Interweaving the stories of three contemporaries, Pam Maus’s documentary “from the Second Wave to the Tidal Wave” chronicles a trio of women whose feminist journeys began in the 1960s, highlighting the changes from then to present day.
As part of the Midcoast Women’s Collective’s Collective Voices series, the film will be shown at 1 p.m. Sunday at the Rockland Strand. The documentary screening will be followed by a panel discussion to take place at the Fog Bar & Café.
The film looks at the women who went off to college and were swept up into the Second Wave Feminist Movement. The passage of of landmark legislation of 1960s outlawing discrimination based on race, color, religion, sex, or national origin unlocked the doors to social equality.
After decades of fighting for equality, the 2016 presidential election promised the payoff for the warriors the Second Wave as they anticipated not just electing the first woman president, but also one of their own.
As a member of the Second Wave Feminist Movement, Maus made the documentary to celebrate her cohorts in the Movement and to provide history for younger generations about why the women’s movement was about so much more than “just electing a woman.”

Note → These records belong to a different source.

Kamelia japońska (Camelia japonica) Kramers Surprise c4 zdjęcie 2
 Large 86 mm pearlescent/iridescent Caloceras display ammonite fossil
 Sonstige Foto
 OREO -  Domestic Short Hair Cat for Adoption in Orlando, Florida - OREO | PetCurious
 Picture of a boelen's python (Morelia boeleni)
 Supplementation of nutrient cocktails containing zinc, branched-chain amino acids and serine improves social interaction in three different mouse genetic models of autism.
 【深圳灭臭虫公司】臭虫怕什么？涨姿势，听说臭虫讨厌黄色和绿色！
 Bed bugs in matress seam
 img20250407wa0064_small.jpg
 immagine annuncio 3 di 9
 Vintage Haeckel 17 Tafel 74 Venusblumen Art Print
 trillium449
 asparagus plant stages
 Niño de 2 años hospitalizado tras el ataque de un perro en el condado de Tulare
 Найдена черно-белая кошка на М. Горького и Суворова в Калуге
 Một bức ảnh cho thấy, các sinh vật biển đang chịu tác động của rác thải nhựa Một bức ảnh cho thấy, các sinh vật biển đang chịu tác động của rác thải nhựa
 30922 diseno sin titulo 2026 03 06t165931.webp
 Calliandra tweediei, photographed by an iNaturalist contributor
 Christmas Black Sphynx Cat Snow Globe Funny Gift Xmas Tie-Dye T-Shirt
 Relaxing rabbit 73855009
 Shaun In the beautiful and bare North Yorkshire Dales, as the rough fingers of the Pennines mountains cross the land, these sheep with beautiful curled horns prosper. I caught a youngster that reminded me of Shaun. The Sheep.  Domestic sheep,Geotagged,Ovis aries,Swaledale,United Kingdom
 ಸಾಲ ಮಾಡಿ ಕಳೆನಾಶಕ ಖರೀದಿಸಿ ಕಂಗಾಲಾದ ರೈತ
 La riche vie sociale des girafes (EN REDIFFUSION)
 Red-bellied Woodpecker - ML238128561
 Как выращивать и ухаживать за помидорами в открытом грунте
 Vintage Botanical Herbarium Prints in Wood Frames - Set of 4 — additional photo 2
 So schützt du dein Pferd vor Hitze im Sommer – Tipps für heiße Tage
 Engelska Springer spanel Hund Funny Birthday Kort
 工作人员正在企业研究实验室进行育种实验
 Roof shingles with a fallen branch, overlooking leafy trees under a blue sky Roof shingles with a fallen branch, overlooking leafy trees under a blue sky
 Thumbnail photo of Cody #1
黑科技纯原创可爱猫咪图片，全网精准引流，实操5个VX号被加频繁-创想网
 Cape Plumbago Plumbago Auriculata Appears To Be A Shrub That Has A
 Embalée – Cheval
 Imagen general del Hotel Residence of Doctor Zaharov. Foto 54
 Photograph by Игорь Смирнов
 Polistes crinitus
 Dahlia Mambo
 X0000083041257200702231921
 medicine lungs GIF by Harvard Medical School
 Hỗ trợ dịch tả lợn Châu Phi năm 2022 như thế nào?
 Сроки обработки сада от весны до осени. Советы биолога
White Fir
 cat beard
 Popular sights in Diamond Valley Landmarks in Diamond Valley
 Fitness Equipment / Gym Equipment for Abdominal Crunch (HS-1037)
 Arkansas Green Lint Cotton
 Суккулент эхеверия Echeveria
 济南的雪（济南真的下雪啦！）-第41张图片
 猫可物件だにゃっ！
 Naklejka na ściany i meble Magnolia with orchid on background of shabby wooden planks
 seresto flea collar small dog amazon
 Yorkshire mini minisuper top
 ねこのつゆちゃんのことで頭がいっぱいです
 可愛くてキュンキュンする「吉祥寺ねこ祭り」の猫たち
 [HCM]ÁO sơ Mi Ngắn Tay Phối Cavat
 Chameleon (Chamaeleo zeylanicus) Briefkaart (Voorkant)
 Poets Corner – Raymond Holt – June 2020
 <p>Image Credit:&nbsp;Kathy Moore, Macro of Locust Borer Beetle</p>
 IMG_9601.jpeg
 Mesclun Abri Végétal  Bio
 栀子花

The panel discussion will be moderated by Professor Jennifer Scanlon, director of the Gender, Sexuality and Women’s Studies Program at Bowdoin College. The intergenerational panel includes Nancy Wanderer, one the women featured in the film and professor emeritus of University of Maine Law School; Kathleen Fleury, managing editor of Down East Magazine; and Myla Ferland, a junior at Oceanside High School in Rockland.